Gijbels, I. and Herrmann, K. (2014). On the distribution of sums of random variables with copula-induced dependence. Insurance: Mathematics and Economics, 59, pp.27-44. (https://www.sciencedirect.com/science/article/pii/S0167668714000961)

Your integral representation is indeed the starting point of the paper, but you can actually transform the variables into $[0,1]^2$ and get rid of one of the integrals leaving you with a one-dimensional integral only. This integral can be computed efficiently and you can then again estimate the parameters of $F_Z$ based on your data.

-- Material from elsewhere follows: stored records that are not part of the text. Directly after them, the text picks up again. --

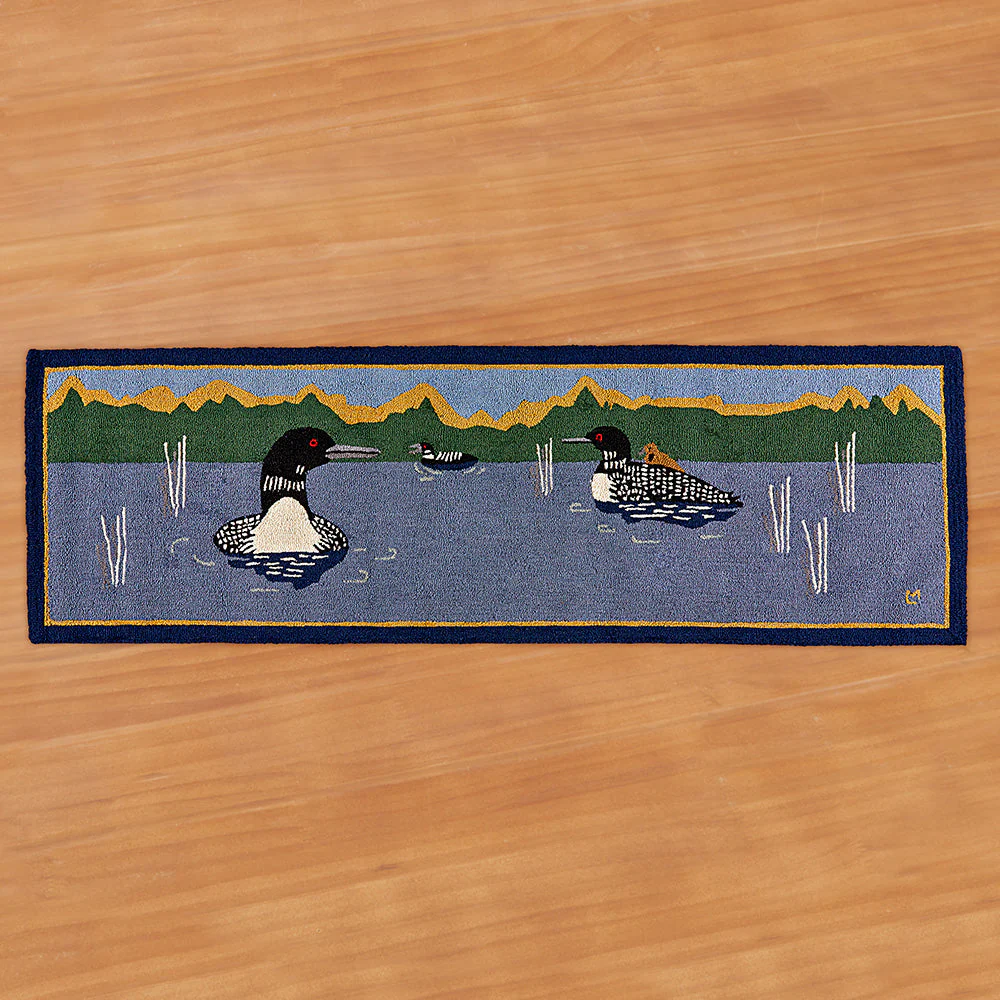 Chandler 4 Corners 30" x 8' Hooked Runner, Lake Loons - Image 2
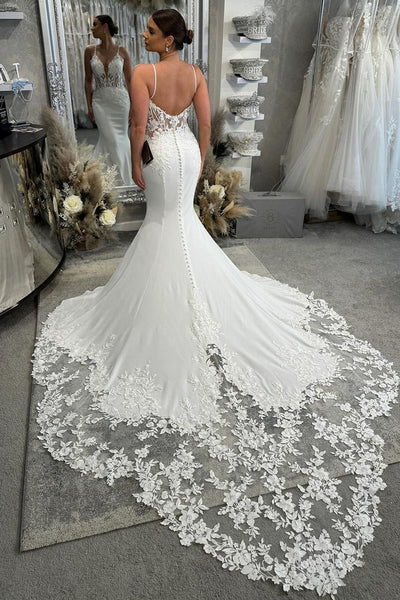 Charming Mermaid V Neck Elastic Satin Wedding Dresses with Appliques VK073199-3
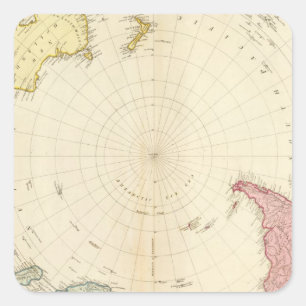 Südhalbkugel-Karte Quadratischer Aufkleber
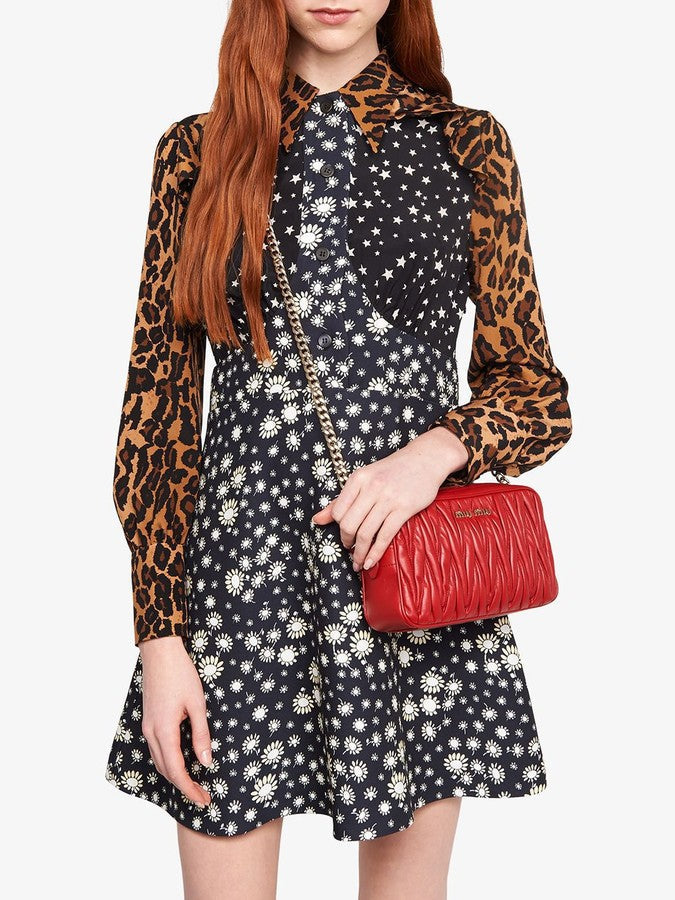 MIU MIU MATELASSÉ NAPPA LEATHER CAMERA CHAIN BAG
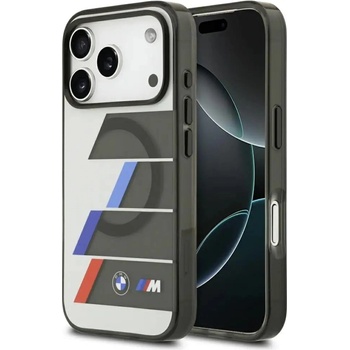 BMW Калъф BMW M IML Metal Buttons Tricolor Lines MagSafe за iPhone 17 Pro Max - сив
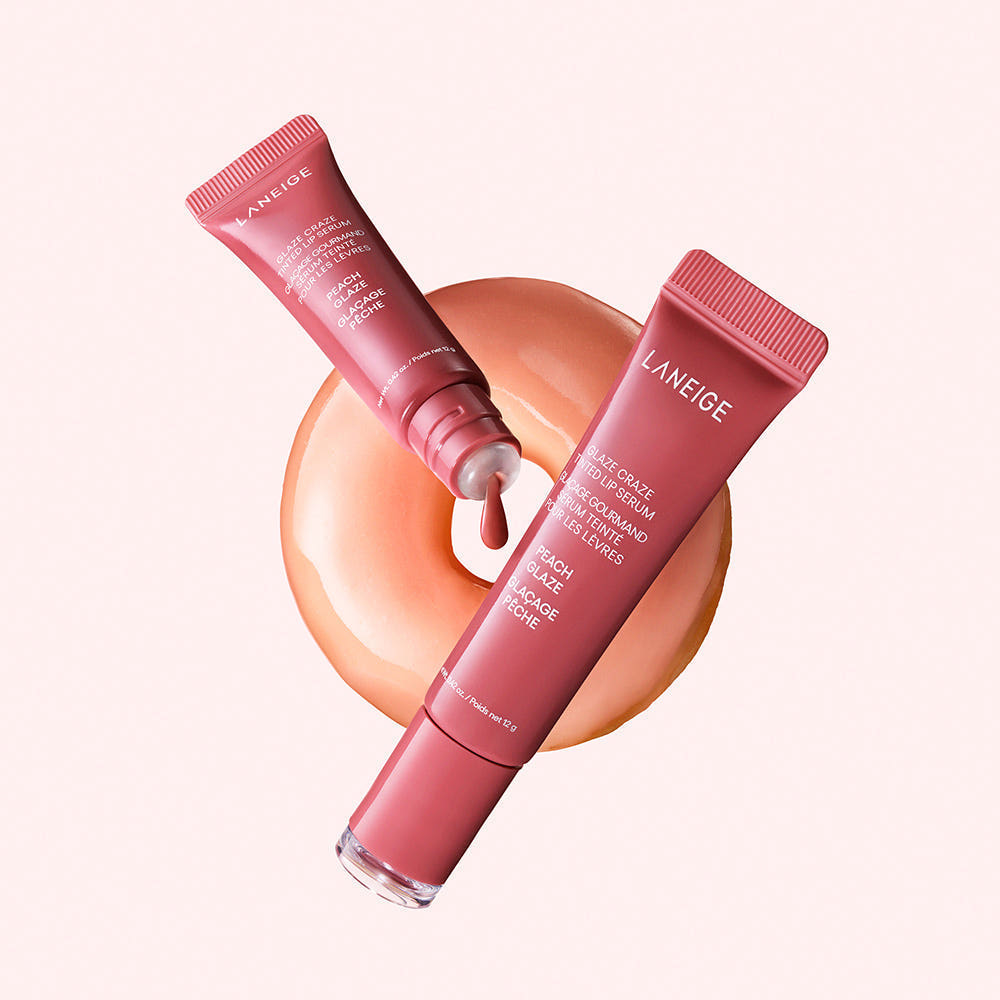 Laneige Glaze Craze Tinted Lip Serum 12g (1+1)+ Laneige Donut Lip Serum 12g*2+ Tint Holder Keyring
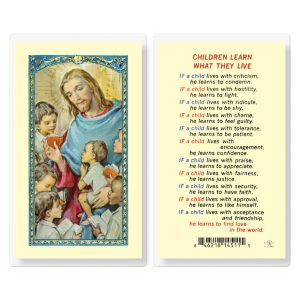 Children Learn What They Live Laminated Prayer Card (pack of 25)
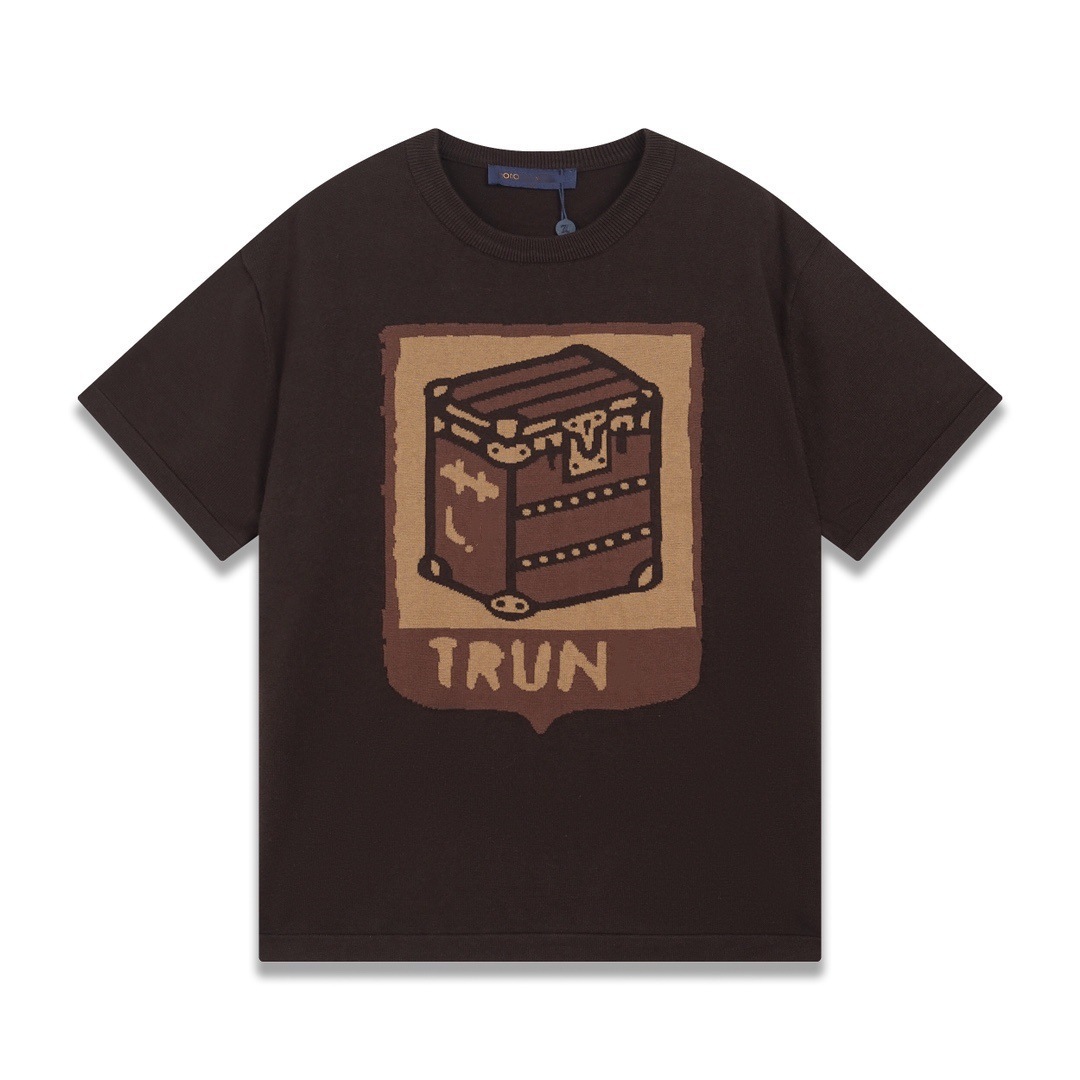 T-shirt de punto de alta versión de burro 2025 nuevo tablero de ajedrez letras jacquard casual suelta hombre y mujer mangas cortas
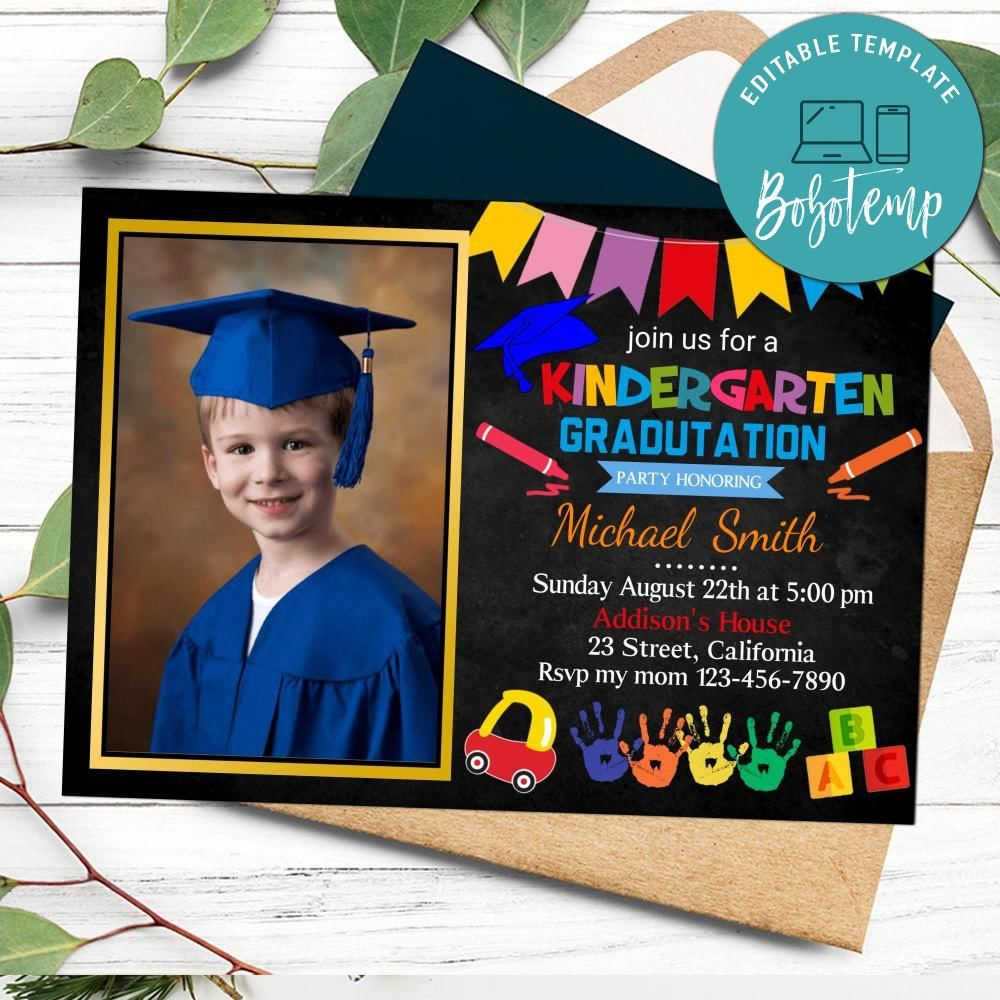 Kindergarten Graduation Invitation With Photo Customizable | Bobotemp for Kindergarten Graduation Invitations Free Printable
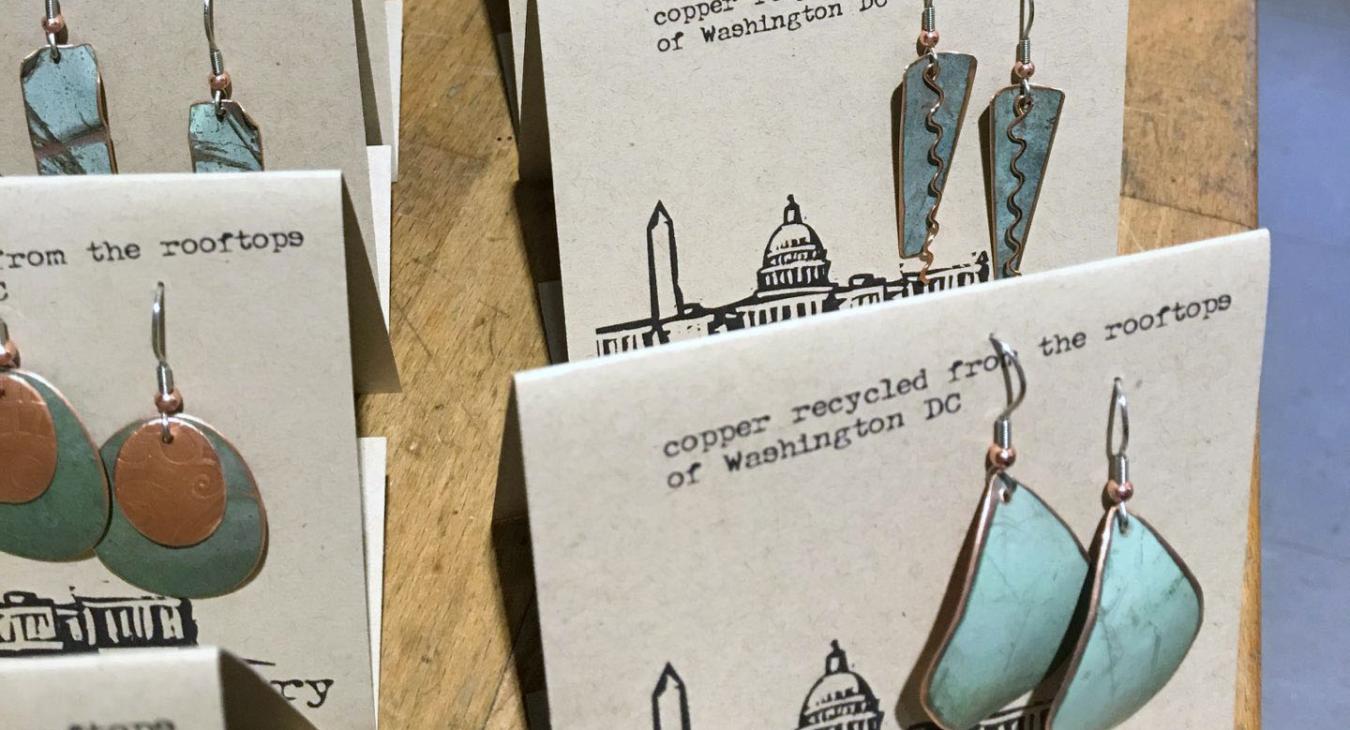 earring cards with rooftop jewelry lined up
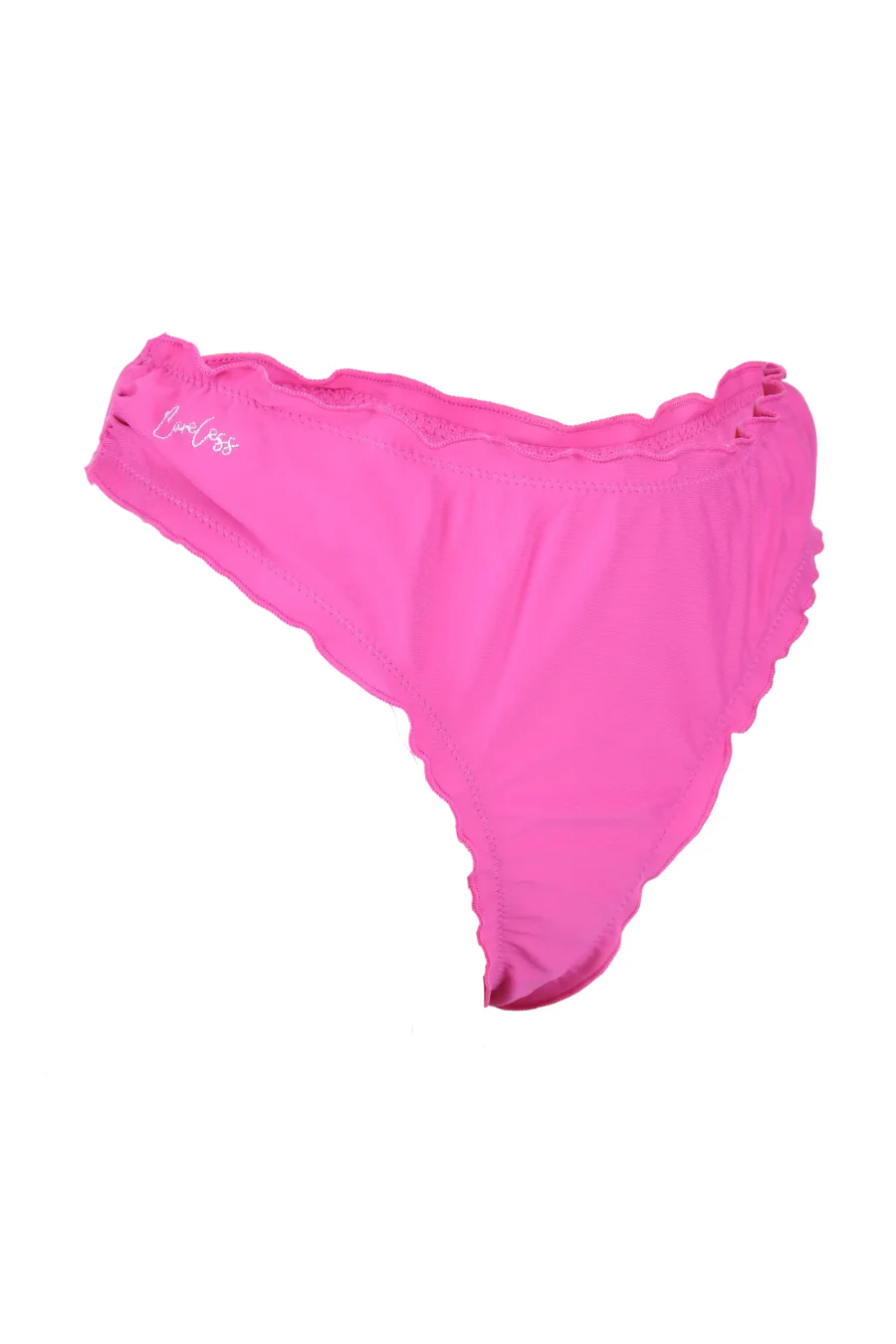 Ruffles string bikinitruse - Mørkerosa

Now coming back to your specific questions:

  1. Simulation from copulas is covered by the answer here (and you can use the copula package in R to run the simulations): How to sample from a copula?
  2. How to choose the copula $C$ is more difficult. If you have access to a bivariate sample $(x_i,y_i)^{i=1}_{n}$ from $(X,Y)$ you can choose a parametric model and estimate the parameters, or you can use a non-parametric approximation (like the empirical copula) to get an estimated copula $\hat{C}$.